Studio album by Long Distance Calling
- Released: 4 March 2013
- Genre: Progressive rock
- Length: 55:23
- Label: Superball Music

Long Distance Calling chronology
| Long Distance Calling (2011) | The Flood Inside (2013) | Trips (2016) |

= The Flood Inside =

The Flood Inside is the fourth studio album by German post-rock/post-metal/progressive rock band Long Distance Calling. It was released on 4 March 2013, through Superball Music and reached No. 33 in the German charts. It is the first album to have a set vocalist (Martin "Marsen" Fischer) and features vocals on four of the eight tracks.

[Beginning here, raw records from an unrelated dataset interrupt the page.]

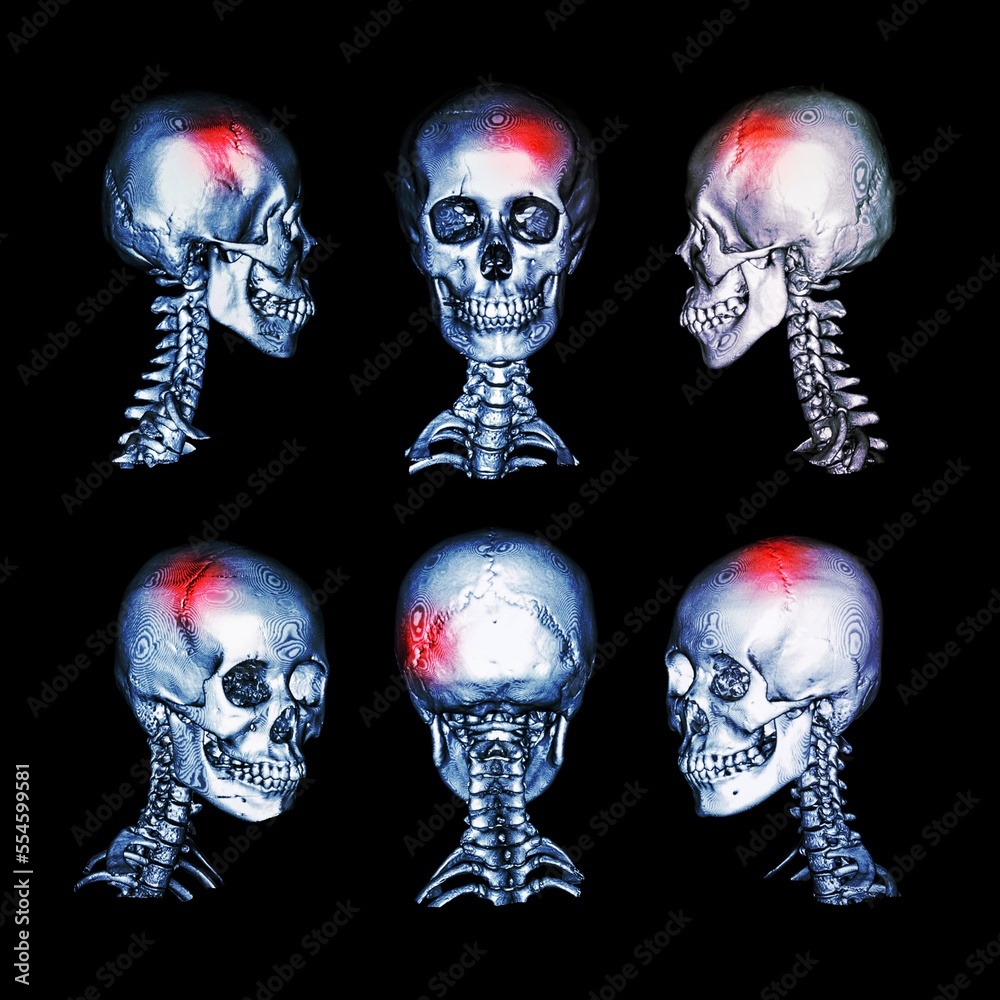 CT scan and 3D image of head and cervical spine . Use this image for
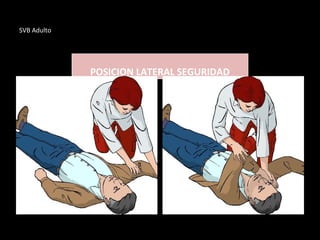 SVB Adulto
POSICION LATERAL SEGURIDAD
 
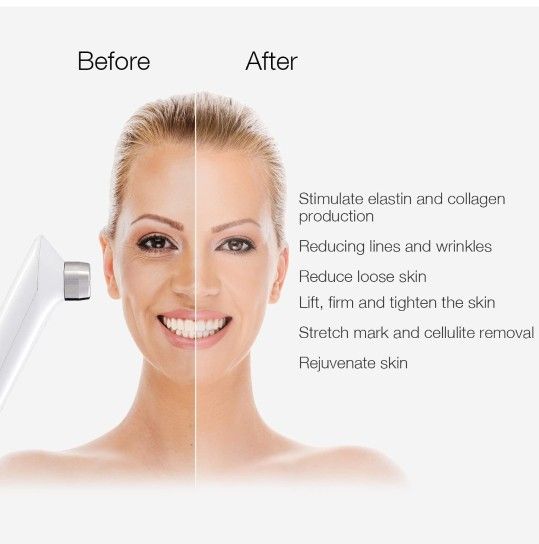 Avorla RF Radio Frequency Facial And Body Skin Tightening Machine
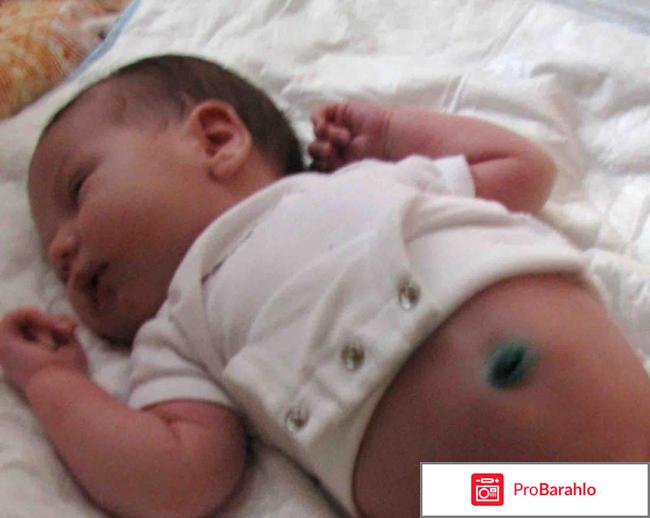 Использование газоотводной трубкb для новорожденных обман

The song "Welcome Change" features guest vocals from Norway singer/songwriter Petter Carlsen and Anathema's frontman Vincent Cavanagh.

==Track listing==

| No. | Title | Music | Length |
|---|---|---|---|
| 1. | "Nucleus" | Long Distance Calling | 7:13 |
| 2. | "Inside the Flood" | Long Distance Calling | 6:43 |
| 3. | "Ductus" | Long Distance Calling | 6:48 |
| 4. | "Tell the End" | Long Distance Calling | 6:02 |
| 5. | "Welcome Change" | Long Distance Calling | 7:09 |
| 6. | "Waves" | Long Distance Calling | 6:39 |
| 7. | "The Man Within" | Long Distance Calling | 6:35 |
| 8. | "Breaker" | Long Distance Calling | 8:14 |
| Total length: |  |  | 55:23 |

== Personnel ==
- David Jordan – guitar
- Janosch Rathmer – drums
- Florian Füntmann – guitar
- Jan Hoffmann – bass
- Martin Fischer – vocals and sounds

== Reception ==
The change to include a vocalist and the album in general were very well received, with positive reviews from EMP, Metal Hammer, and Metal Revolution among others, Metal Hammer referring to the new vocalist as "vocally capable of adding an extra dimension, musically".